Она изредка звонила Ане и рассказывала про то, какой холодной была закончившаяся только в мае зима и как промерзали углы в квартире ее старого дома, а это значит, что нужно срочно утеплять стены, а на это нет ни средств, ни сил. И вообще она серьезно думала о том, что когда-нибудь уедет в свой домик в деревне и по осени не поднимется на крыло вместе с гусями и утками, а останется зимовать вместе с облезлой кошкой Дуней и двумя курочками, которые каждый день радуют ее свежими яйцами и неторопливыми разговорами «за жизнь».

Аня слушала ее и не узнавала. Куда подевалась та властная Элла, которая когда-то так влияла на сына и мужа, раздавала команды направо и налево, рулила в своей семье и была молодой и красивой? Вот и она одна, хотя казалось, что с отцом Ильи им уготовано жить целый век и умереть в один день, а «вот ведь не спросил, как я тут буду, – взял и ушел» – так поплакалась ей Элла по прошествии времени.

Аня очень хорошо понимала ее с этим «взял и ушел». Они, мужики, такие, могут «взять и уйти», а ты кувыркайся по жизни, как хочешь. Или как сможешь!

Со временем Элла и Аня стали очень хорошо друг друга понимать и могли запросто поболтать обо всем, как подружки.

…Мобильник зазвенел так неожиданно, что Аня вздрогнула. Она вырулила с оживленного проспекта в тихий переулок, припарковалась и нашла телефон под ворохом газет на пассажирском сиденье. Новенький «самсунг» жужжал и вибрировал, требуя немедленного ответа. Аня даже не взглянула на мерцающий голубоватый экран, боясь потерять звонок. Нажала на кнопку приема звонка в самый последний момент, когда телефон уже готов был захлебнуться от обиды.

– Алё? Алё-алё!!! – Аня торопилась ответить и услышала знакомое северное, будто яблоки зимние раскатились по деревянной столешнице:

– Анечка! Ань! Здравствуй! Это Элла Михайловна! Ты меня слышишь?!

– Слышу! Здравствуйте, Элла Михайловна!

Свекровь могла бы и не представляться, Аня и так узнала ее голос по характерному северному выговору.

– Аня! Ты там стоишь или сидишь? Сядь лучше, а то упадешь!

– Я вообще-то еду, Элла Михайловна!

– Тогда тем более, остановись давай!

– Да уже и так остановилась! Что случилось-то?!

– Ой, не знаю, как и сказать! Ань, Илюха-то женился!


Аня подумала, что ослышалась, но Элла по-северному повторилась:

– Женился Илюха-то!!!

– Где? – только и спросила Аня, не очень понимая, как оно такое может быть. Если женился – значит, на свободе уже.

– Где-где, в тюрьме! Вернее, на зоне – вот где!


Аня не могла понять по голосу, рада Элла этому или огорчена. Наконец, до нее дошел смысл сказанного, и она ответила:

– Элла Михайловна! Так радоваться надо! Жизнь продолжается!
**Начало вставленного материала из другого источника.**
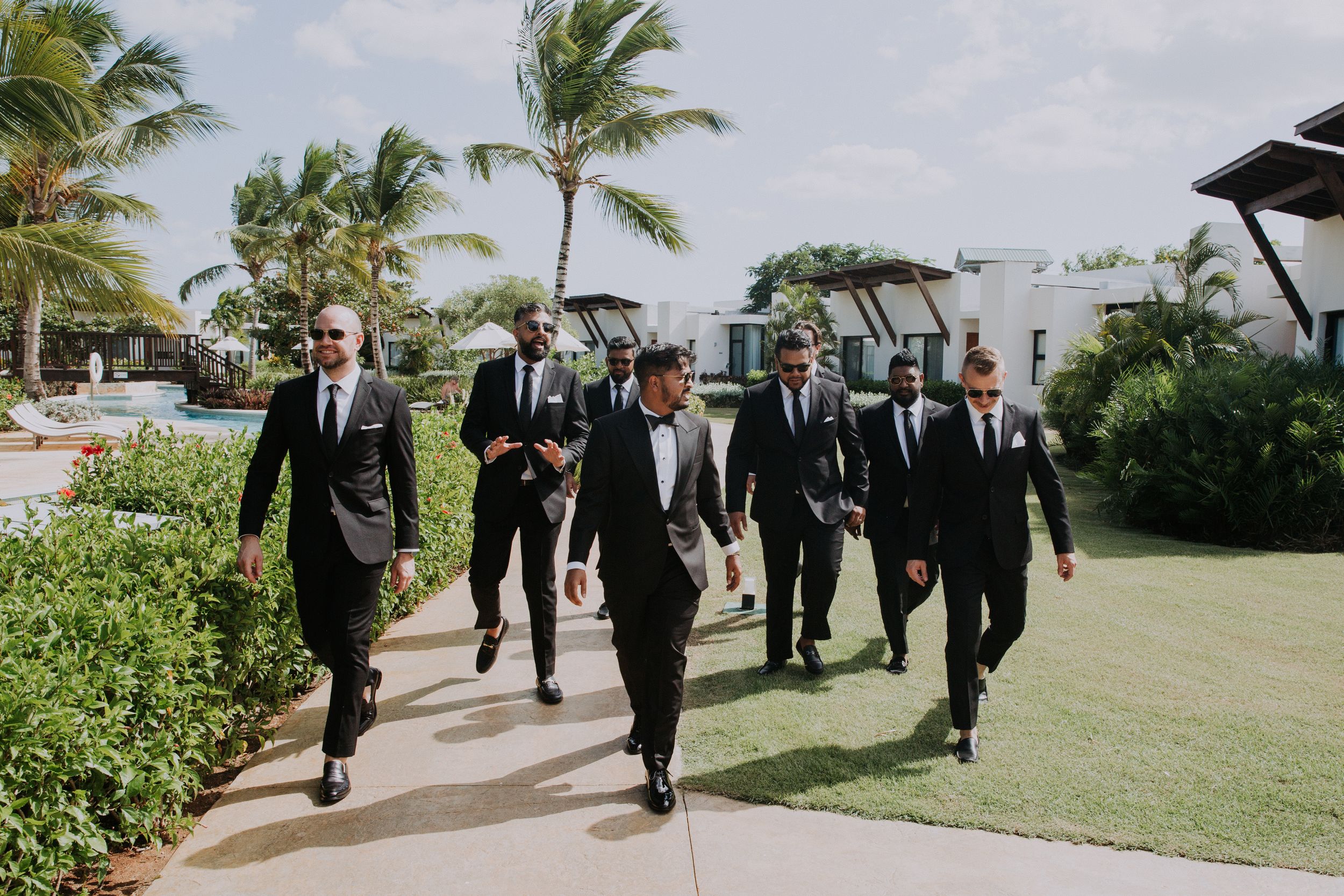 Groomsmen in black suits walking together on palm tree-lined path at tropical resort.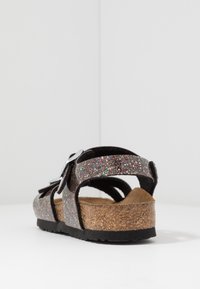 Błyszczące czarne sandały z regulowaną srebrną klamrą, korkową wkładką i teksturowaną podeszwą. Otwarta pięta i paski zapewniają przewiewną konstrukcję.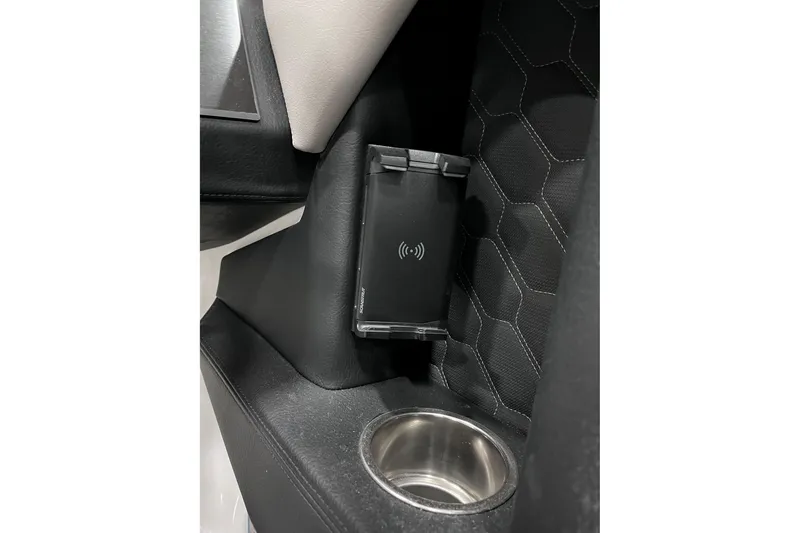 Slide: The Image of 2026 Four Winns H6 OB interior with wireless charging pad and cup holder. - 30
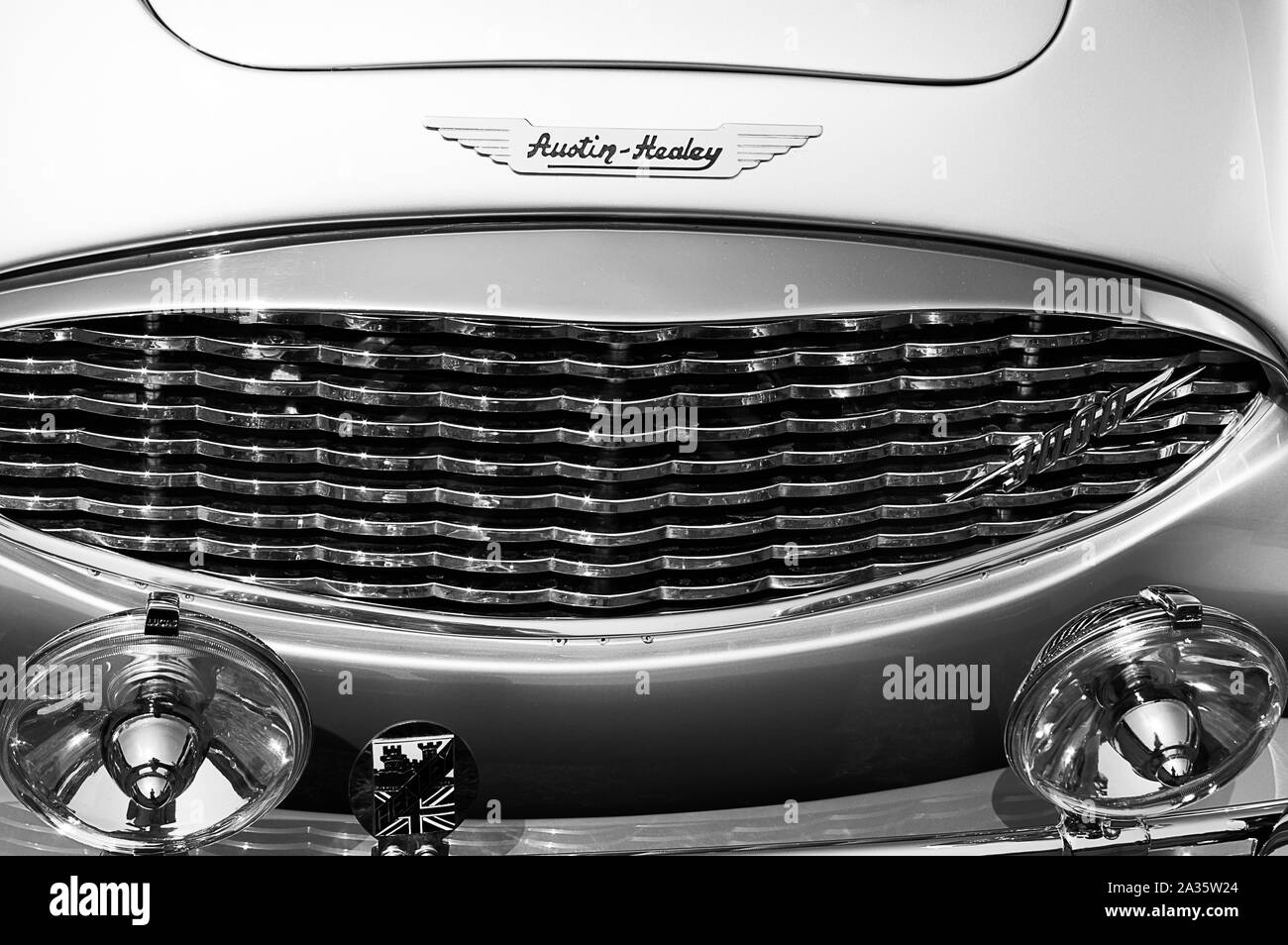 The front of a blue 1960 Austin Healey on display at a car show Stock Photo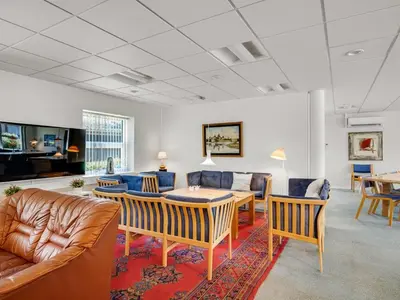 a living room with couches and a table and chairs at Holiday Home Borjana - 500m to the fjord by Interhome in Fur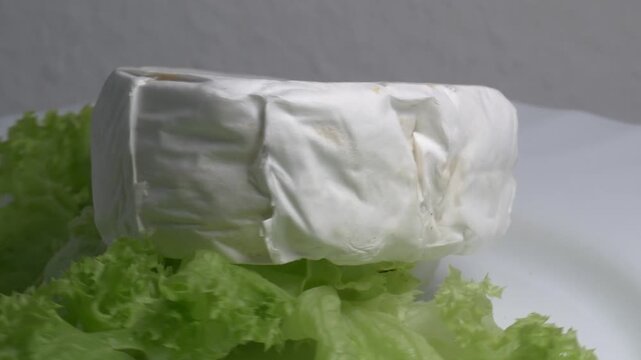 Close-up of a piece of Brie cheese on fresh green lettuce leaves rotating on a white plate, showcasing its soft texture and white rind under studio lighting.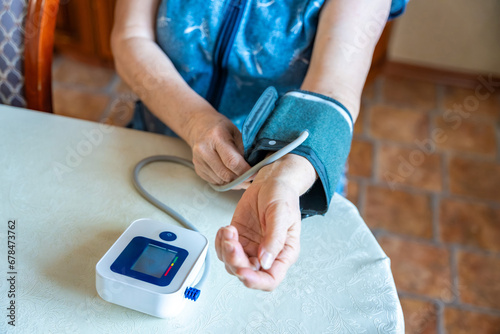 Senior woman start to check blood pressure level at home, older female suffering from high blood pressure sitting and using a pulsometer, tonometer photo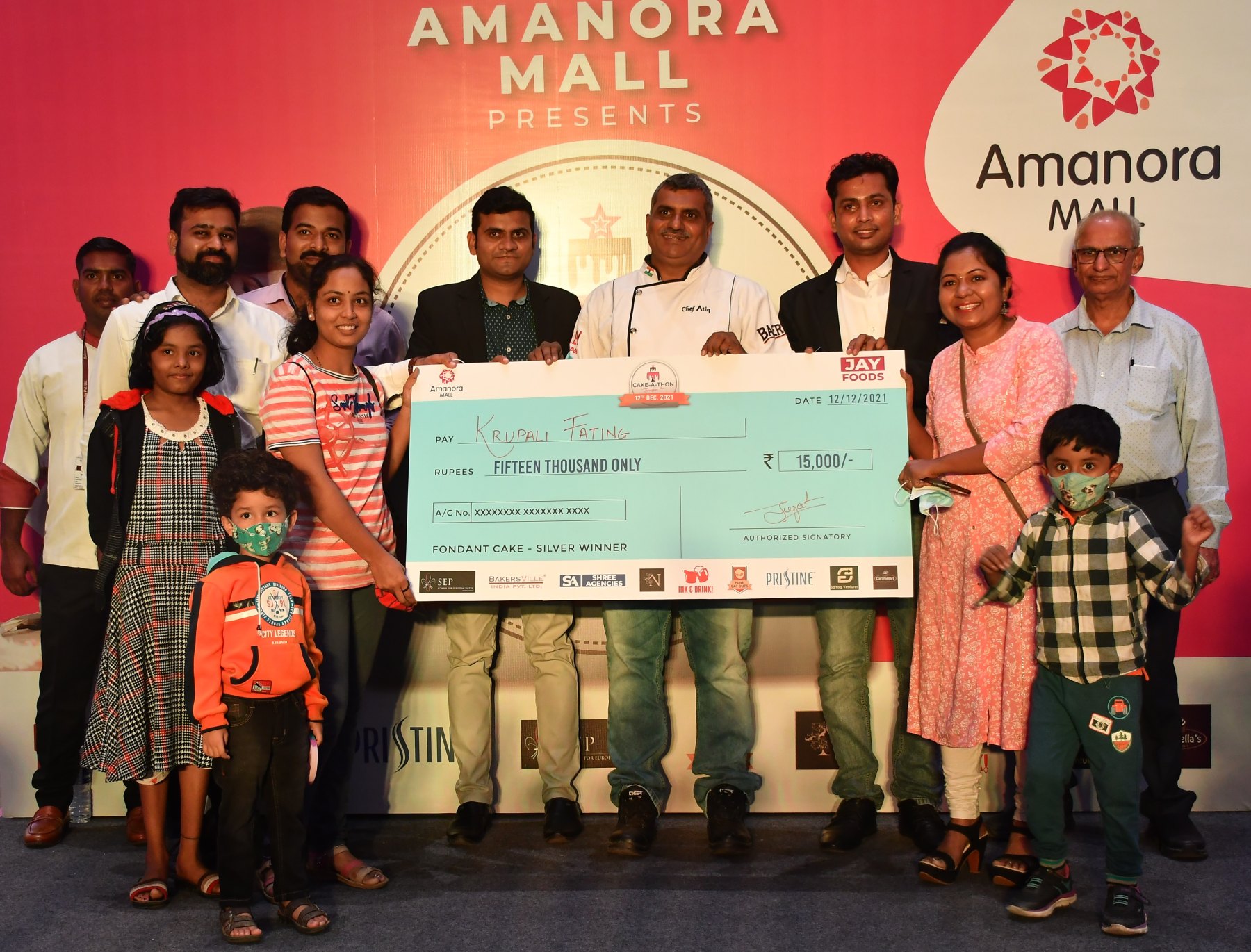 Cake-A-Thon Season 3 prize presentation: Krupali Fating and others on stage holding an oversized cheque for Rs 15,000, marked "Fondant Cake - Silver Winner", in front of an Amanora Mall backdrop.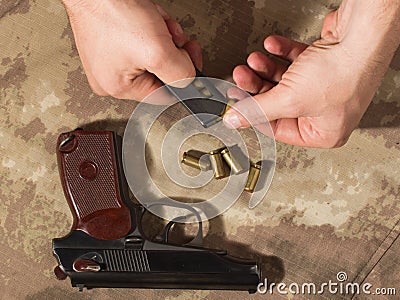 Men load ammo in the clip Makarov pistol Stock Photo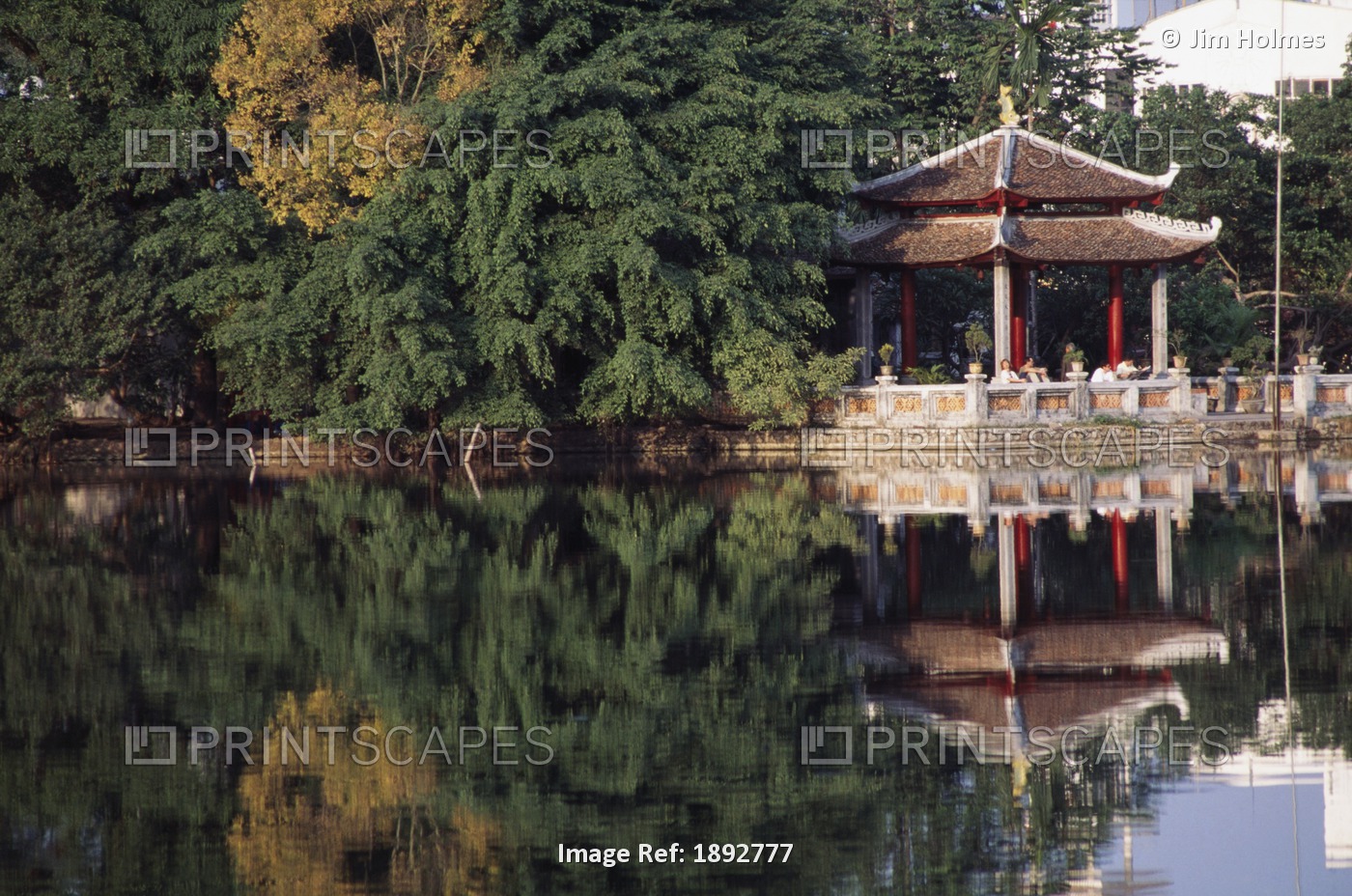 People Resting Under Pagoda On Hoan Kiem Lake Shore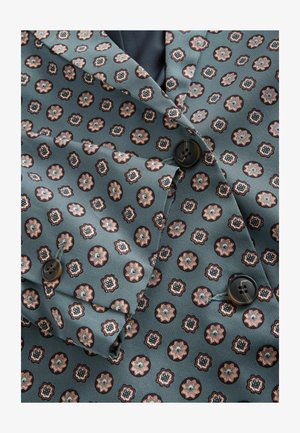 Vzorovaný sako v tyrkysové tkanině, s opakujícím se květinovým motivem v měděné a krémové barvě, s černými knoflíky a texturovaným povrchem.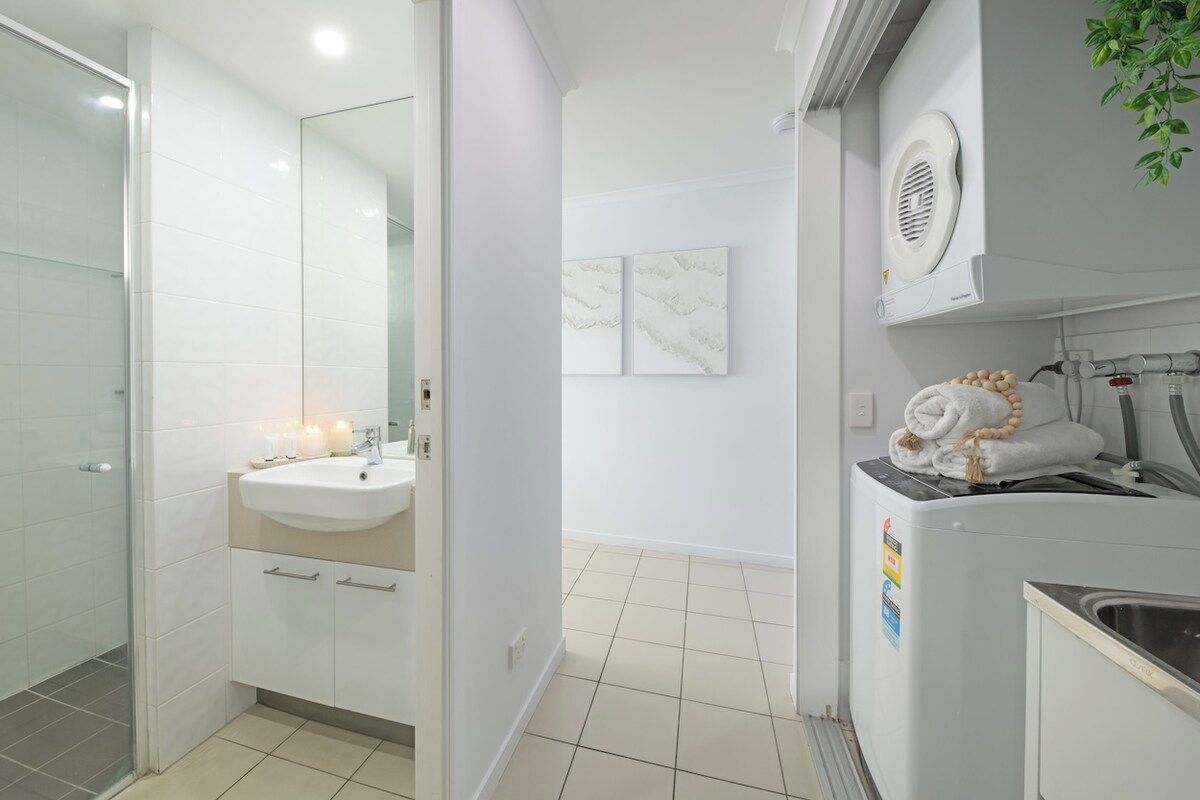 A modern bathroom with a glass shower enclosure, a sink with a mirror, and a towel rack with towels.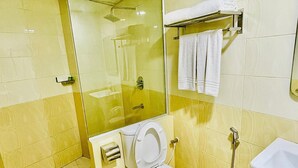 Un baño con ducha envuelta en vidrio, inodoro, lavabo y perchero para toallas.
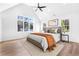 A naturally bright main bedroom with a high ceiling and large windows at 1247 Bridges Sw Ave # A, Atlanta, GA 30310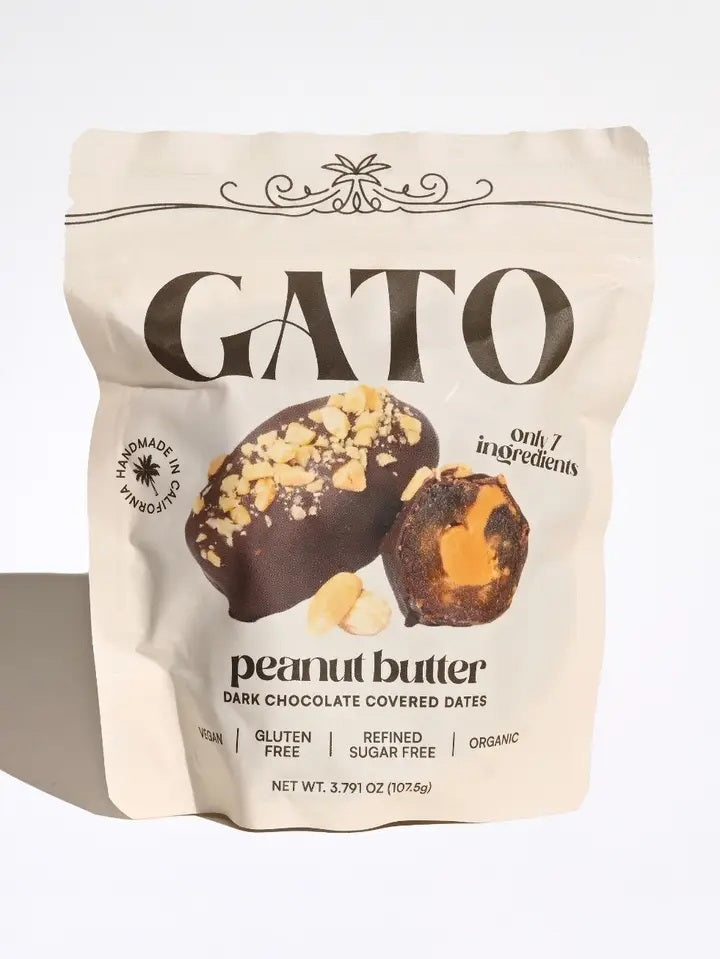 A beige bag of GATO DATES - CHOCOLATE COVERED PEANUT BUTTER DATES from GATO DATES, featuring an image of the product on the packaging. Highlights include vegan, plant-based, gluten free, refined sugar free, organic, and only 7 ingredients. Net weight: 3.79 oz.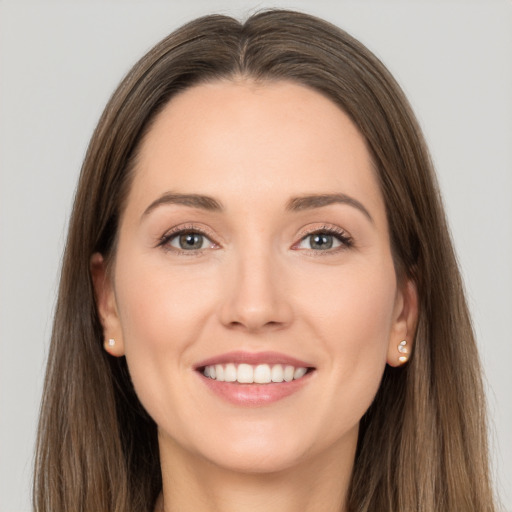 Joyful white young-adult female with long  brown hair and grey eyes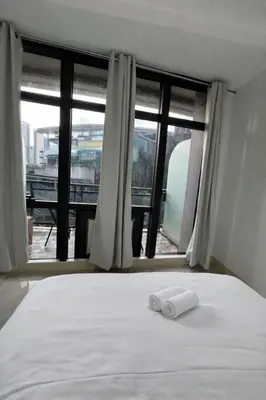 a bed with two towels on it in front of a window at STAYLUXIA BOUTIQUE HOTEL GRAMERCY Balcony FREE Pool, Gym, Netflix in Manila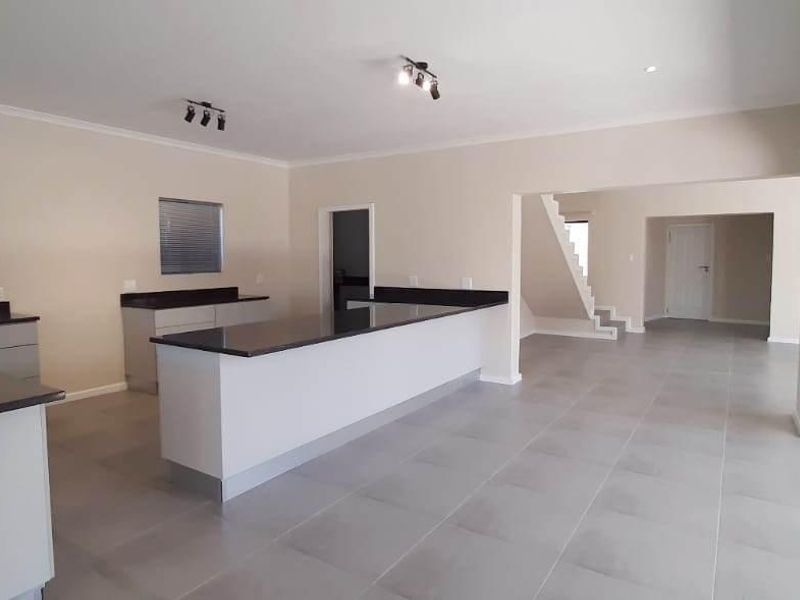 Spacious open-plan kitchen and living area featuring modern granite countertops, a central island, tiled flooring, and large sliding doors leading to the exterior.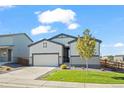 Charming single-story home with a well-manicured lawn and attached two-car garage at 1868 Homestead Dr, Fort Lupton, CO 80621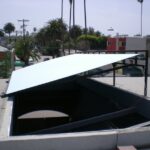 Hinged roof panel open, staircase leading inside.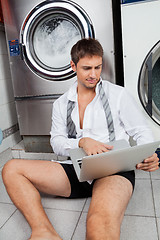 Image showing Businessman Using Laptop In Laundromat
– Ой, Ань, чему радоваться-то?! Ему еще сидеть и сидеть! А жена его, девочка совсем, беременная!

Она уже строчила, как из пулемета про то, что как же ребенок без отца будет расти и как девочка эта жить будет?!


Аня плохо ее слышала. У нее были странные чувства – целая гамма разных чувств. И удивление, и радость, и укол какой-то необъяснимой ревности. Краем уха уловила, что жена у Ильи – ровесница их сына Игоря.

Аня даже сразу не могла сообразить – это сколько же ей получается? Двадцать семь?! Ну да, Игорю же двадцать семь! «Ого!» – только и подумала она.

– Ань? Ты что молчишь-то? Ты здесь?

– Здесь.


И в следующий момент она четко осознала, как рада за Илью, что он ей совсем не чужой человек.

– Девочку Олей зовут? – спросила Анна.

– Да, – удивленно ответила Элла. – А ты откуда?..

– Да полгода назад познакомились. Не переживайте Вы. Раз она пошла на такое, значит, любит его. Это, знаете ли, не каждая девочка на себя взвалить решится.


Они еще по-бабски посплетничали, Элла пыталась взять с Ани слово, что та не проболтается Илье, что все знает. Но Аня твердо сказала:

– Элла Михайловна, вы ему передайте – пусть мне позвонит. Я просто поздравить хочу.

Элла поохала в ответ, но пообещала сказать Илье.


И вот – звонок от Покровского.

– Илья, я поздравляю тебя! – радостно сказала Аня.

– Спасибо. – Покровский понял, о чем она, как понял и то, откуда ветер дует: маманя сдала! – Матушка сообщила?

– Ну а кто же?! Мог бы и сам поделиться, не чужие, чай!

Покровский помялся, что-то промычал в ответ.

– Да, ладно тебе, Илья! Все нормально, и я искренне рада за тебя.